Irrespective of the manner in which the HRTF, HRIR or, where appropriate, BRIR filters are modeled, several methods for implementation of binaural sound spatialization exist.
Amongst the latter, the simplest and most direct method is the dual-channel implementation of the binaural technique shown in
According to this method, the spatialization of the sources is carried out independently from each other. One pair of HRTF filters is associated with each source. The filtering can be carried out either in the time domain, in the form of a convolution product, or in the frequency domain, in the form of a complex multiplication, or alternatively in any other transformed domain, such as for example the PQMF (Pseudo-Quadrature mirror Filter) domain.
Multi-channel implementation of the binaural technique is an alternative to dual-channel implementation offering a more efficient implementation that consists of a linear decomposition of the HRTFs, in the form of a sum of products of functions of the direction (encoding gains) and of elementary filters (decoding filters). This decomposition allows the encoding and decoding steps to be separated, the number of filters then being independent from the number of sources to be spatialized. The elementary filters may subsequently be modeled by a minimum-phase filter and a pure delay in order to simplify their implementation. It is also possible to extract the delays from the original HRTFs and to integrate them separately in the encoding.
The aforementioned prior art techniques exhibit major drawbacks, when BRIR filters are implemented, taking into account the room effect, in particular:
The object of the present invention is to overcome the aforementioned drawbacks of the prior art.

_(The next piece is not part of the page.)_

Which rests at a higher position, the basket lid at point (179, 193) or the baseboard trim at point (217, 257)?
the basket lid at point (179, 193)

In particular, one subject of the present invention is a method for calculating modeling parameters for BRIR filters, or HRIR filters, taking into account a room effect from the prior art, these parameters comprising one or more delays which could be associated with gains and with at least one amplitude spectrum, in order to allow an effective implementation either in the time domain, or in the frequency or transformed domain.

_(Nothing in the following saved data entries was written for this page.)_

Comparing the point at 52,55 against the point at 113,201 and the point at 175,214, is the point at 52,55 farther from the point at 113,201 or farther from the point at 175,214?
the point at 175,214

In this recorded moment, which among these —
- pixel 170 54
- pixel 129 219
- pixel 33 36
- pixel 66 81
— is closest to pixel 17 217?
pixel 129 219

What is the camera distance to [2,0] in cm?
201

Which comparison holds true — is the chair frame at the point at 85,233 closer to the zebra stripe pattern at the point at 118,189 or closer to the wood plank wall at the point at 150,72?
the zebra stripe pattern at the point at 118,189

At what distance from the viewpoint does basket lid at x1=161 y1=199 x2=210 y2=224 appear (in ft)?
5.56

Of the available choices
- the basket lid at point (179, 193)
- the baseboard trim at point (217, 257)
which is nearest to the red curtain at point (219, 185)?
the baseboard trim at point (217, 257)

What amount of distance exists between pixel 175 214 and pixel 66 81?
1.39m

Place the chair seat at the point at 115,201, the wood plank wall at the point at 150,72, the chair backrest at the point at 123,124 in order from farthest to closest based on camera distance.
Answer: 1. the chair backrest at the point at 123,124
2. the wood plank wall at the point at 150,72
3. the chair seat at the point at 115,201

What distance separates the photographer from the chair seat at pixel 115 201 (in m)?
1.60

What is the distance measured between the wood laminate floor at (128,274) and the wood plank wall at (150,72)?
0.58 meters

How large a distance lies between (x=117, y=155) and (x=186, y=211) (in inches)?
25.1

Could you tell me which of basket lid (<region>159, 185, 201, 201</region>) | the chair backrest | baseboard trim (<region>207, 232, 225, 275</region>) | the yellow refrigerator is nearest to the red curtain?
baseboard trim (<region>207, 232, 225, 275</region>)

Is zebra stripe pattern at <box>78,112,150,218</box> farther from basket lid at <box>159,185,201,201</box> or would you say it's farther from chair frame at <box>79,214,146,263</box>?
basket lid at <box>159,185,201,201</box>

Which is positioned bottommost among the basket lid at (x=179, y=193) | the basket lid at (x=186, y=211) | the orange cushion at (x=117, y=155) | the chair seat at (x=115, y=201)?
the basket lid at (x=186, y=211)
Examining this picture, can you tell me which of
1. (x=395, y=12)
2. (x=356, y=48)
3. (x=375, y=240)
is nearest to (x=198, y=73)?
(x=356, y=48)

Another subject of the present invention is the implementation of a method for calculating specific BRIR filters which, although equivalent in terms of quality to conventional or original BRIR filters allowing satisfactory positioning or externalization of the sources, greatly reduce the processing power and the memory size needed for the implementation of the corresponding filtering.
The audio channel 3D spatialization method, using at least one BRIR filter incorporating a room effect, subject of the present invention, is noteworthy in that it consists, for a specific number of samples corresponding to the size of the pulse response of the BRIR filter, at least of decomposing this BRIR filter into at least one set of delay and amplitude values associated with the arrival times of the reflections, of extracting over this number of samples at least one spectral modulus, and of forming from each successive delay, from its associated amplitude and from its associated spectral modulus, an elementary BRIR filter directly applied to the audio channels in the time, frequency or transformed domain.

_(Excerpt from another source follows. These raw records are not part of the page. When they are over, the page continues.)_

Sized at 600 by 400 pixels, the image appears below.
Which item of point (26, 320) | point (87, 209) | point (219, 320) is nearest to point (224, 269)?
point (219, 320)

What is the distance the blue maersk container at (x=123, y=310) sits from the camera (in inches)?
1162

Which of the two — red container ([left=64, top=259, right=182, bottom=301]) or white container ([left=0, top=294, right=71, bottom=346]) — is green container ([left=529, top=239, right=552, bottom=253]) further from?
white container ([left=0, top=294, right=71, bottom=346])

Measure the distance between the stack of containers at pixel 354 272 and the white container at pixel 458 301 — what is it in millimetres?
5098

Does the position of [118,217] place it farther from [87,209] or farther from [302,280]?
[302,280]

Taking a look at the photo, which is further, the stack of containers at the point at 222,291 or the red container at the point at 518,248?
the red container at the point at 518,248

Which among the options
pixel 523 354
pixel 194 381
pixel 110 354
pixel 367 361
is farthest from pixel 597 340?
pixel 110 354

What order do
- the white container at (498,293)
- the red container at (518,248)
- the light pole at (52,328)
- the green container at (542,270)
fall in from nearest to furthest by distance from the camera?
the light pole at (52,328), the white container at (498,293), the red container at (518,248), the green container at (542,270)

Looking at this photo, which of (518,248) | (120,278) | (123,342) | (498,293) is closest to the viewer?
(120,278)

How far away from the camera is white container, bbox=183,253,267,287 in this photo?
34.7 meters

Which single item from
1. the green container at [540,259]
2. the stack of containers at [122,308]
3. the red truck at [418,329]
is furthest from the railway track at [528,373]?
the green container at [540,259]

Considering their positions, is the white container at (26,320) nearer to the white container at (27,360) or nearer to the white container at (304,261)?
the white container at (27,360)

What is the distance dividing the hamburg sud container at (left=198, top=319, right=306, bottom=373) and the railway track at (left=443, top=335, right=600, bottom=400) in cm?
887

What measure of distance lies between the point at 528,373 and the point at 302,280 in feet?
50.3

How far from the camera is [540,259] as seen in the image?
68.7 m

The method, subject of the invention, is also noteworthy in that the decomposition of the BRIR filter is carried out by a process for detecting the delays by detection of the amplitude peaks, the delay corresponding to the moment of arrival of the direct sound wave being associated with the first amplitude peak.
The method, subject of the invention, is also noteworthy in that the extraction of each spectral modulus is carried out by a time-frequency transformation.
The method, subject of the invention, is also noteworthy in that, for a number of samples corresponding to the pulse response of the BRIR filter decomposed into frequency sub-bands of given rank k, the value of the spectral modulus of the BRIR filter is defined as a real gain value representative of the energy of the BRIR filter within each sub-band.
The method, subject of the invention, is also noteworthy in that a spectral modulus is associated with each delay and in that the spectral modulus of the BRIR filter is defined in each sub-band as a real gain value representative of the energy of the partial BRIR filter in said sub-band, this gain value being a function of the associated delay.
This modulation of the spectral modulus as a function of the applied delay allows a reconstruction of the BRIR filter to be implemented that is much closer to the original BRIR filter.
Lastly, the method, subject of the invention, is noteworthy in that each elementary BRIR filter in each frequency sub-band of rank k is formed by a complex multiplication, which may or may not be a function of the delay associated with each amplitude peak including a real gain value, and by a pure delay, increased by the delay difference with respect to the delay allocated to the first sample corresponding to the arrival time of the direct sound wave.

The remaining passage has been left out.